Da un punto di vista prettamente militare, le operazioni in Siria saranno condotte dalle basi in Iraq – che Trump non vuole riportare a casa – e il ritiro sarà fatto in modo “molto ordinato” e con un processo ben definito, per evitare che lo Stato islamico riesca a rafforzarsi: “Continueremo a colpirlo in modo duro e rapido, tanto che non riuscirà nemmeno a capire come diavolo è successo” , ha detto Trump. Ma la decisione del ritiro non ha soltanto conseguenze militari: i principali alleati, i curdi, sono stati abbandonati, e non saranno protetti da eventuali raid che partono dall’Iraq; e poi i territori controllati dagli americani in Siria e dai loro alleati a chi saranno assegnati?
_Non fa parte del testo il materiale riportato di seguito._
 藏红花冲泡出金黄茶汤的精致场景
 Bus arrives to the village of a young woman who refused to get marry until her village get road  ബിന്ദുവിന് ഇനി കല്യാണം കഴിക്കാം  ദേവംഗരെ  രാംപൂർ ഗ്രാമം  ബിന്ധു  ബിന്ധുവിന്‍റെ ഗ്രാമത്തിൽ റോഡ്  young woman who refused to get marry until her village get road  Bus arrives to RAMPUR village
La Russia ha già detto che devono essere riconsegnati al presidente della Siria, Bashar el Assad, o come lo chiama lo stesso Trump: “Animal Assad”.

 

Ma nella ideologia “America first” non c’è spazio per le considerazioni umanitarie o per il “nation building”, retaggi di un passato remoto, anzi vale il contrario: “Gli Stati Uniti non possono continuare a essere i poliziotti del mondo”, ha detto Trump, “ci siamo sparsi in tutto il mondo, siamo presenti in paesi che molte persone non hanno nemmeno mai sentito nominare e, francamente, questa è una cosa ridicola”. Non si possono andare a difendere confini sconosciuti, bisogna occuparsi dei propri: “Non so se siete al corrente di quel che sta accadendo in America – ha detto il presidente – Vogliamo rafforzare i confini del nostro paese. Ma i democratici non vogliono, non ci lasciano avere confini più sicuri. Soltanto per una ragione. La volete sapere? Perché è una cosa che voglio io”. Trump ha riportato davanti alle truppe il suo umore lagnoso del Natale, quello dei tweet “sono tutto solo, povero me”, ha fatto un po’ di propaganda politica e poi è ripartito per andare in visita ai soldati americani in Germania. Non ha incontrato nessun leader dell’Iraq, come prevede di solito la routine, e così gli iracheni ieri erano furiosi, e chiedevano il ritiro degli americani anche dall’Iraq. Polemica pretestuosa? In parte sì, ma è anche il sintomo di quanto ci si senta fragili oggi a essere alleati dell’America.